The symbolism of wine in the spiritual life has a long and distinguished history. The use of bread and wine as ‘species’ for the Christian Holy Eucharist harks back to the ‘sacrament’ of Melchizedec, the ‘shaykh’ of the prophet Abraham; they may be taken, among other things, as emblems of the union of Truth and Life, of Knowledge and Love, or of the states of Sobriety and Intoxication described by the Sufis. And Anacreon, the great celebrator of wine among the Greeks, though his poetry was unabashedly pagan and earthy, yet provided symbols and metaphors that in other hands were capable of the greatest sublimation:
Bring me the winebowl, come my boy
To drink in one long swallow back
Ten cups of water, five of wine,
And do me proud before its god….
Eros the blacksmith
Hammers me again,
Striking while I’m hot
And thrusts me sizzling
In the ice-cold stream.
Who can fail to recognise, in these verses dedicated to Dionysus, the wine-god, and Eros, the god of love, backward echoes of the poetry of the Persian Sufis, with their celebration of the Saki, the Cupbearer, and their passionate exaltation and lament at the states of Expansion (bast) and Contraction (qabd) sent by God the Beloved, Giver of al-Jamal, Beauty, and al-Jalal, Rigor and Majesty?
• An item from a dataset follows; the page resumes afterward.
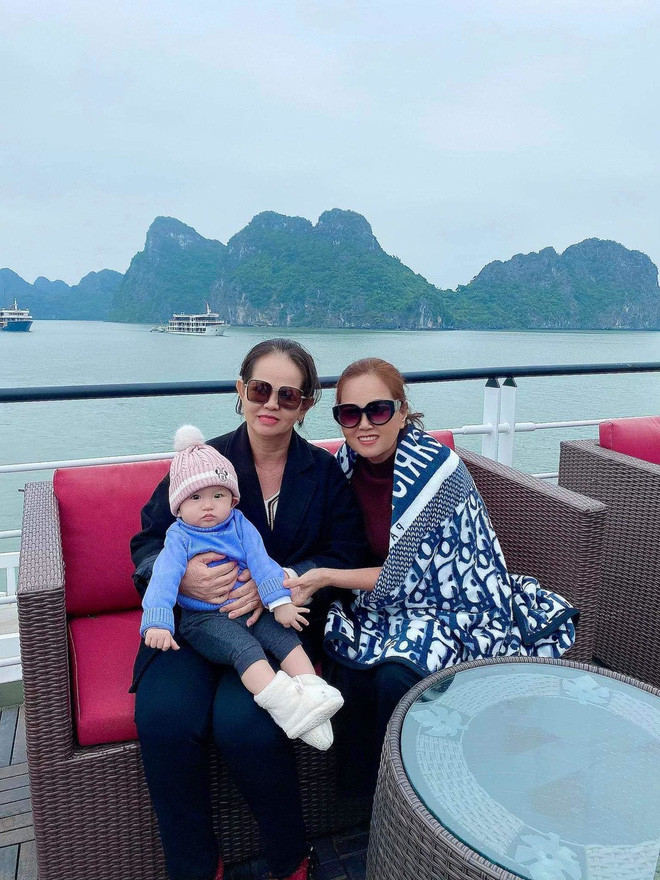 Trong trường hợp bị ốm, các vú em được điều trị ở bệnh viện quốc tế có tiếng. Thậm chí, con cái của họ cũng được tạo điều kiện làm việc lương cao để yên tâm chăm sóc 3 cô con gái của nữ đại gia.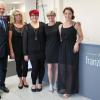 (cr)   Friseurmeisterin Franziska Hauck hat in Haßfurt am Rewe-Center (Schweinfurter Straße 2) einen Friseursalon eröffnet. Diesen hat sie von „Groha hairdresser“ übernommen, wo sie als Salonleiterin tätig war. Ihre Ausbildung hatte Hauck in Schweinfurt bei Groha absolviert. Danach erfolgte der Besuch der Meisterschule mit erfolgreichem Abschluss. Erfahrungen sammelte die mittlerweile 24-Jährige auf den beiden Kreuzfahrtschiffen MS Europa 1 und MS Europa 2 sowie in einem Kurhotel im österreichischen Serfaus. Ob der Eröffnung des eigenen Salons freut sich Hauck nun über den Sprung in die Selbstständigkeit. Mit an Bord ist ein Team, bestehend aus Friseurmeisterin Jenny Ruß, Gesellin Miriam Schneider und Mama Heike, die ebenfalls Friseurmeisterin ist. Zur Geschäftseröffnung gratulierte Bürgermeister Günther Werner. Er wünschte der Unternehmerin Erfolg und viele zufriedene Kunden und überreichte das Wappen der Stadt Haßfurt. Im Bild (von links): Günther Werner, Heike Hauck, Jenny Ruß, Franziska Hauck, Miriam Schneider.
From Zeus’ cupbearer Ganymede, to Christ, bearer of the cup that was later to become the Holy Grail—and the Catholic or Orthodox priest who stands in for him at Mass or Divine Liturgy—to the representation, in the tradition of Tasawwuf, of the Sufi shaykh—or else of Allah Himself—as the Saki, wine and the wine-steward have long been associated, in one way or another, with the merciful Grace and devastating Beauty of the Divinity.